Steel from the new process should be of higher purity, and — once the process is scaled up — cheaper, according to a paper that was published this week in the journal Nature.

Worldwide steel production totals about 1.5 billion tons per year. The prevailing process makes steel from iron ore — which is mostly iron oxide — by heating it with carbon; the process forms CO2 as a byproduct. Production of a ton of steel generates almost 2 tons of CO2 emissions, according to steel industry figures, accounting for as much as 5 percent of the world’s total GHG emissions, according to MIT.

In addition to producing no emissions other than pure oxygen, the process lends itself to smaller-scale factories. Conventional steel plants are only economical if they can produce millions of tons of steel per year, but this new process could be viable for production of a few hundred thousand tons per year, researchers say.

The industry has met little success in its search for carbon-free methods of manufacturing steel. The idea for the new method arose when Donald Sadoway, the John F. Elliott professor of materials chemistry at MIT, received a grant from NASA to look for ways of producing oxygen on the moon — a key step toward future lunar bases.

Sadoway found that a process called molten oxide electrolysis could use iron oxide from the lunar soil to make oxygen in abundance, with no special chemistry. He tested the process using lunar-like soil from Meteor Crater in Arizona — which contains iron oxide from an asteroid impact thousands of years ago — finding that it produced steel as a byproduct.

Sadoway’s method used an iridium anode, but since iridium is expensive and supplies are limited, that’s not a viable approach for bulk steel production on Earth. But after more research and input from Allanore, the MIT team identified an inexpensive metal alloy that can replace the iridium anode in molten oxide electrolysis.

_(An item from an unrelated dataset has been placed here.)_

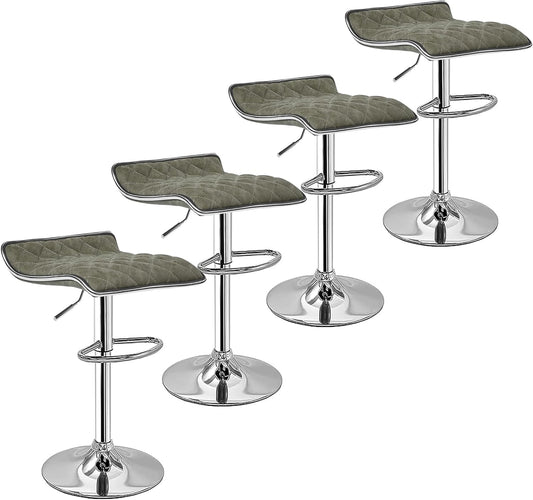 VECELO Bar Stools Set of 4, Adjustable Bar Stools, Bar Height Stools for Kitchen Counter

In addition to eliminating GHG emissions, the process yields metal of exceptional purity, Sadoway says. It could also be adapted to carbon-free production of metals and alloys including nickel, titanium and ferromanganese with similar advantages.

Steel company ArcelorMittal USA’s normalized carbon emissions increased 18.6 percent from 2010 to 2011, according to the company’s latest corporate sustainability report, released in late 2012. In 2010, the steel giant emitted 1.5 tons of CO2 for every ton of steel it produced. In 2011 this figure increased to 1.78 tons of CO2 per ton of steel. The company says that, despite the year-on-year increase, its normalized carbon emissions remain lower than the industry average of 1.8 tons of CO2 per ton of steel in both 2010 and 2011.